In Michele Riml’s Rage, winner of the 2005 Sydney Risk Prize and 2008 winner of the Jessie Richardson Award, an after school counseling session unexpectedly turns into a blood-chilling ‘duel’ between a disturbed, radical student and his New Age, pacifist guidance counselor, Laura. Disillusioned with life and day to day existence Raymond, who prefers to be called Rage, decides to take extreme measures to voice his frustration and uses his father’s gun to help him in his quest. Well-read, articulate, and intelligent, able to control his emotions and pre-calculate his moves, he shuns the option of random shooting and instead singles out the guidance counselor to hear him out, respond to his arguments, and determine his fate.
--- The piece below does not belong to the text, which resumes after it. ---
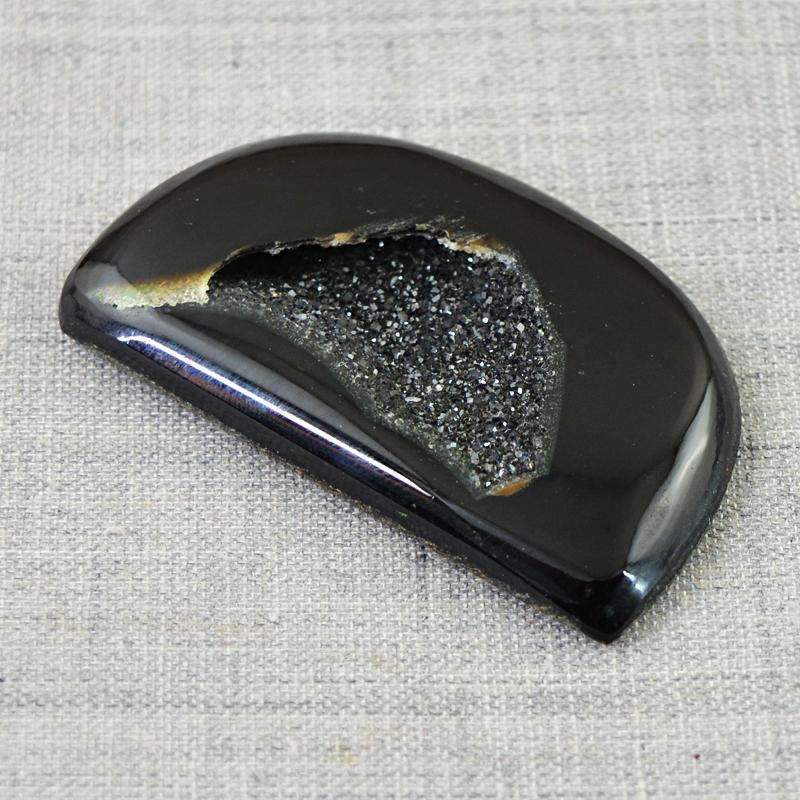 gemsmore:Natural Black Druzy Onyx Gemstone - Untreated Loose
Threatened with school expulsion, disappointed with school politics and hypocrisy of both teachers and parents, the suicidal teenager usurps Laura’s attention to defend his behavior and convictions, challenging the education system and the counselor’s personal values in the process. The gun he produces and later hands over to his ‘prisoner’ becomes a devilish tool in a life and death struggle of two desperate opponents. Does a pacifist abandon her ‘being peace’ attitude she lives by, and turn violent? Does the Hitler’s sympathizer end up annihilating a human being representing all he despises and rejects? The play’s intense and compelling plot and a provocative dialog will keep you on the edge of your seat, forcing you to think deeply and examine your own values in relation to the issues of peace, happiness, violence and gun control.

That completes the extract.